Selanjutnya, PERPU dibentuk Presiden tanpa harus memperoleh persetujuan terlebih dahulu dari DPR merupakan bentuk kewenangan Presiden secara atribusian (legislative act, legislator), agar Presiden dapat mengambil tindakan cepat jika keadaan negara membutuhkannya dengan mendesak. Berbeda dengan kewenangan Presiden lainya yang dapat membentuk peraturang perundang-undangan secara delegasian (executive act, regulator) yang derajatnya dibawah undang-undang, seperti Peraturan Pemerintah (PP) dan Peraturan Presiden (Perpres). Oleh karena antara UU dan PERPU mempunyai kedudukan yang sama, maka DPR sebagai legislator tetap mempunyai hak control terhadap terhadap PERPU, sebab dalam persidangan berikutnya DPR akan dimintai persetujuannya, dengan akibat bahwa jika DPR tidak menyetujui maka PERPU itu harus dicabut. Jika DPR menyetujui maka PERPU itu diberi bentuk (dijadikan) UU dan diundangkan sebagaimana mestinya.

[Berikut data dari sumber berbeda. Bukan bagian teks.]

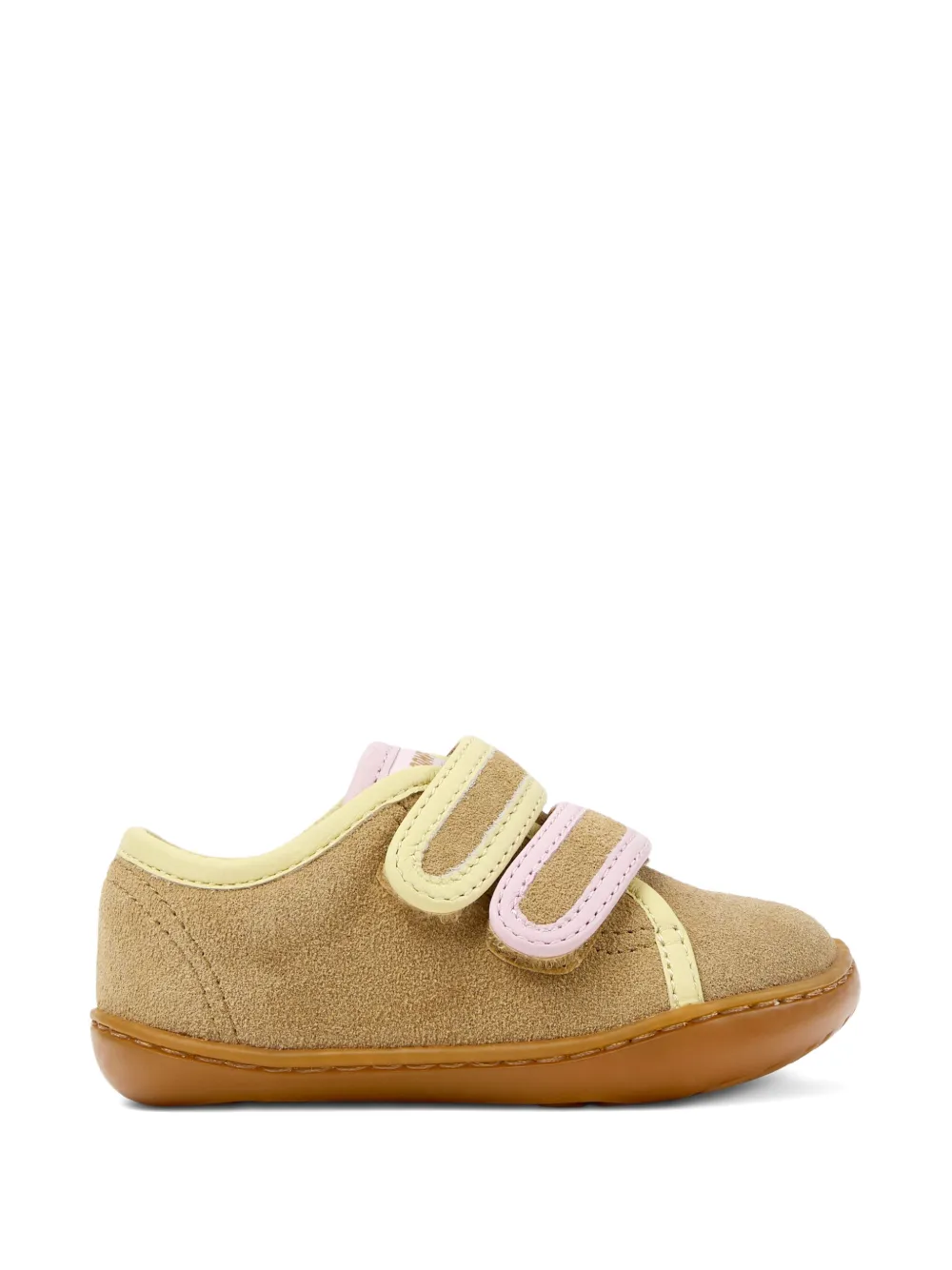 Camper Kids Trainers Peu Cami Twins Beige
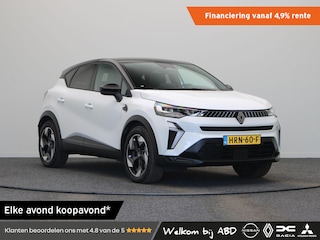 Renault Captur 1.6 E-Tech full hybrid 145 techno | LED | Keyless | Achteruitrij camera | Clima | Adaptieve Cruise Control|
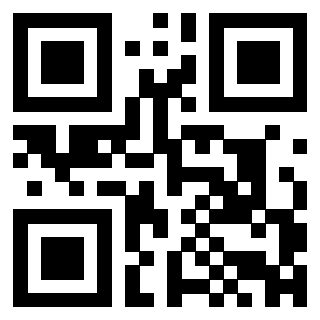 Scansione del QrCode di 3300587660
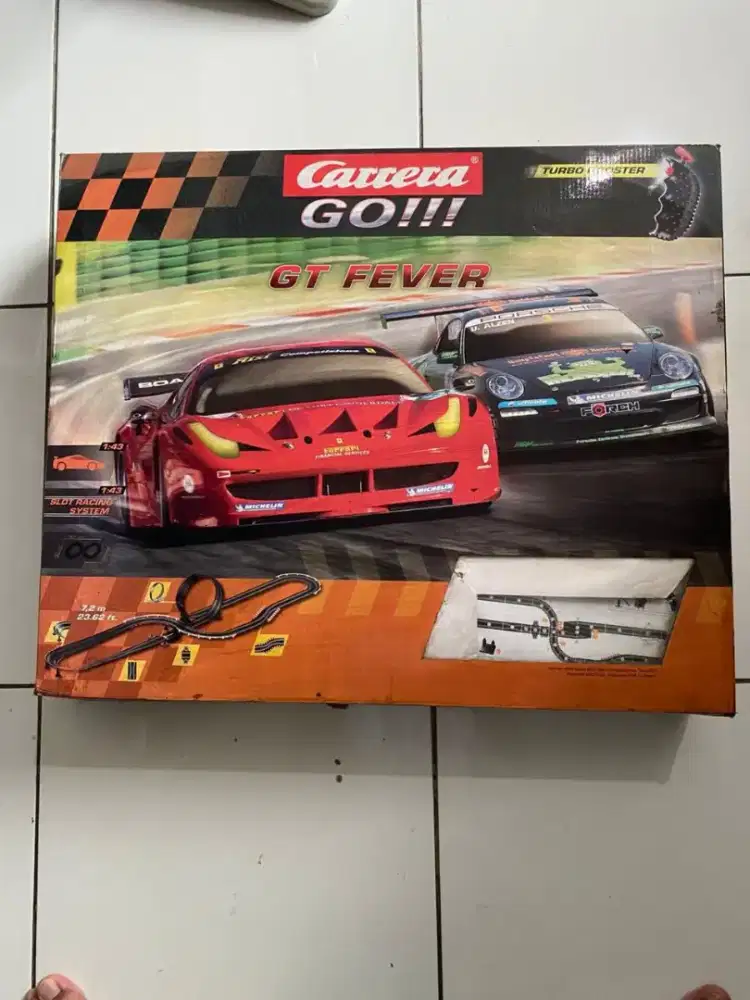 Carrera Go Gt Ever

Selanjutnya, Peraturan Pemerintah (PP) adalah Peraturan Perundang-undangan yang ditetapkan oleh Presiden untuk menjalankan Undang-Undang sebagaimana mestinya. PP sebagai produk hokum dari Presiden selaku regulator yang dibentuk berdasarkan kewenangan delegasi sebagaimana diatur dalam Pasal 5 ayat (2) UUD 1945 yang berisi ketentuan-ketentuan untuk menjalankan suatu UU sebagaimana mestinya. Atau dengan kata lain, materi muatan Peraturan Pemerintah adalah materi untuk menjalankan Undang-Undang sebagaimana mestinya. Dengan demikian, PP bukanlah suatu peraturan yang berdiri sendiri (otonom), sebab PP dibuat untuk melaksanakan UU yang telah ada sebelumnya, sehingga tidak mungkin bagi Presiden untuk menetapkan PP sebelum ada undang-undangnya. Undang-undang selalu mendahului PP, dan PP hanya dapat dibentuk atas dasar perintah undang-undang (delegated regulation). Demikian seterusnya yang dibahas mendetail secara teknis prosedural sesuai jenis dan hierarki peraturan perundang-undangan, mencakup prose perancangan, persiapan, pembahasan, pengesahan dan penyebarluasannya.